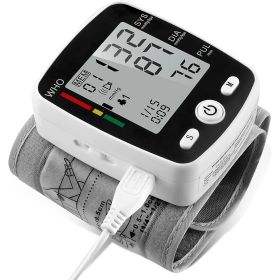 Wrist Blood Pressure Monitor Adjustable Automatic Wrist Cuff Voice Broadcast With 2 Users 180 Memory, Rechargeable Blood Pressure Monitors For Home Us (Option: X1030A)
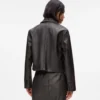Blazer de piel sintética desgastada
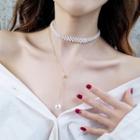 Faux Pearl Pendant Layered Choker Necklace 1 Pc - White - One Size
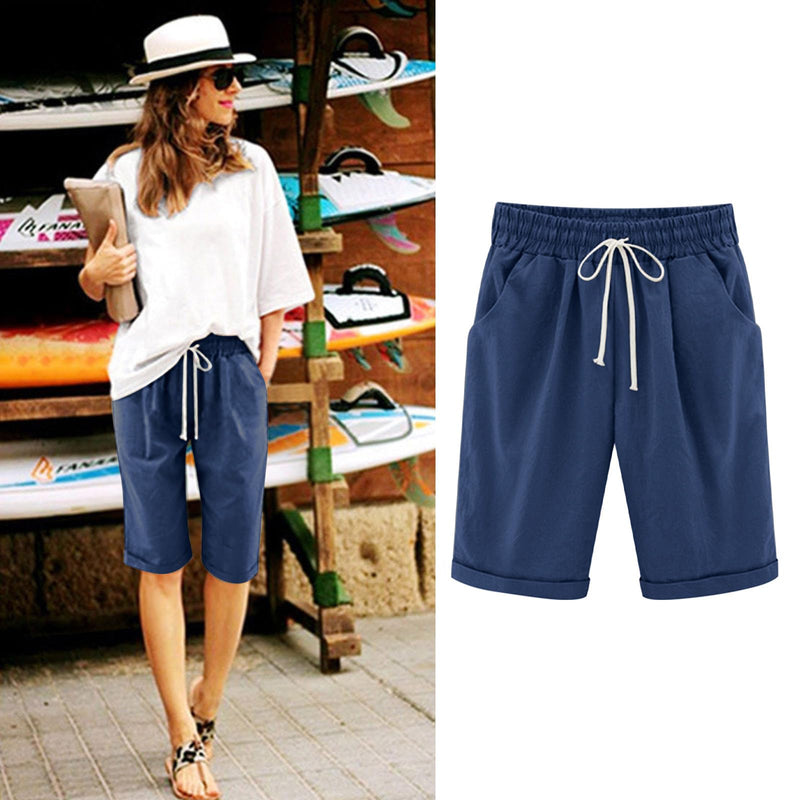 womens plus size shorts clearance Long Shorts for Women Trendy Casual Summer 2024 Drawstring Bermuda Shorts Loose Fit Resort Wear Lounge Shorts Clothing Peime My Orders lightning deals of today prime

● ● ● ● ● ● ●

Your copy should hold each line above exactly and no pictures at all.

**Task answer:**
 Wrist Blood Pressure Monitor Adjustable Automatic Wrist Cuff Voice Broadcast With 2 Users 180 Memory, Rechargeable Blood Pressure Monitors For Home Us (Option: X1030A)
Blazer de piel sintética desgastada
 Faux Pearl Pendant Layered Choker Necklace 1 Pc - White - One Size
 womens plus size shorts clearance Long Shorts for Women Trendy Casual Summer 2024 Drawstring Bermuda Shorts Loose Fit Resort Wear Lounge Shorts Clothing Peime My Orders lightning deals of today prime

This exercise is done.